Metadata-Version: 2.1
Name: aws-parquet
Version: 0.5.0
Summary: An object-oriented interface for defining parquet datasets for AWS built on top of awswrangler and pandera
Home-page: https://github.com/marwan116/aws-parquet/
License: MIT
Keywords: pandas,aws,parquet
Author: Marwan Sarieddine
Author-email: sarieddine.marwan@gmail.com
Requires-Python: >=3.8,<=3.11
Classifier: License :: OSI Approved :: MIT License
Classifier: Programming Language :: Python :: 3
Classifier: Programming Language :: Python :: 3.8
Classifier: Programming Language :: Python :: 3.9
Classifier: Programming Language :: Python :: 3.10
Classifier: Programming Language :: Python :: 3.11
Requires-Dist: awswrangler (>=3.1.1,<4.0.0)
Requires-Dist: pandera (>=0.15.1,<0.16.0)
Requires-Dist: pydantic (>=1.10.8,<2.0.0)
Project-URL: Documentation, https://aws-parquet.readthedocs.io/en/latest/
Project-URL: Repository, https://github.com/marwan116/aws-parquet/
Description-Content-Type: text/markdown

# aws-parquet

<br>

[![PyPI version shields.io](https://img.shields.io/pypi/v/aws-parquet.svg)](https://pypi.org/project/aws-parquet/)
[![PyPI license](https://img.shields.io/pypi/l/aws-parquet.svg)](https://pypi.python.org/pypi/)
[![PyPI pyversions](https://img.shields.io/pypi/pyversions/aws-parquet.svg)](https://pypi.python.org/pypi/aws-parquet/)
[![Downloads](https://pepy.tech/badge/aws-parquet/month)](https://pepy.tech/project/aws-parquet)
[![Downloads](https://pepy.tech/badge/aws-parquet)](https://pepy.tech/project/aws-parquet)
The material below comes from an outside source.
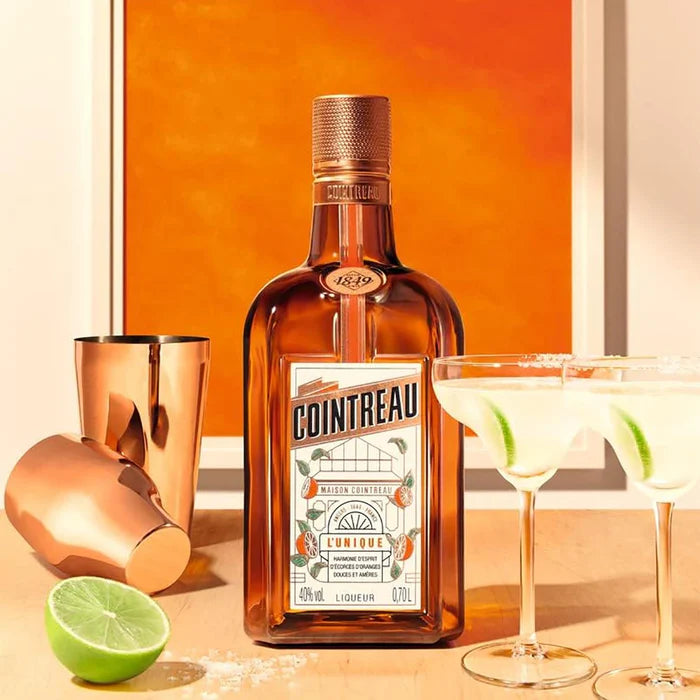 Cointreau Liqueur 70cl + FREE Cointreau Straw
`aws-parquet` is a toolkit than enables working with parquet datasets on AWS. It handles AWS S3 reads/writes, AWS Glue catalog updates and AWS Athena queries by providing a simple and intuitive interface.

## Motivation

The goal is to provide a simple and intuitive interface to create and manage parquet datasets on AWS.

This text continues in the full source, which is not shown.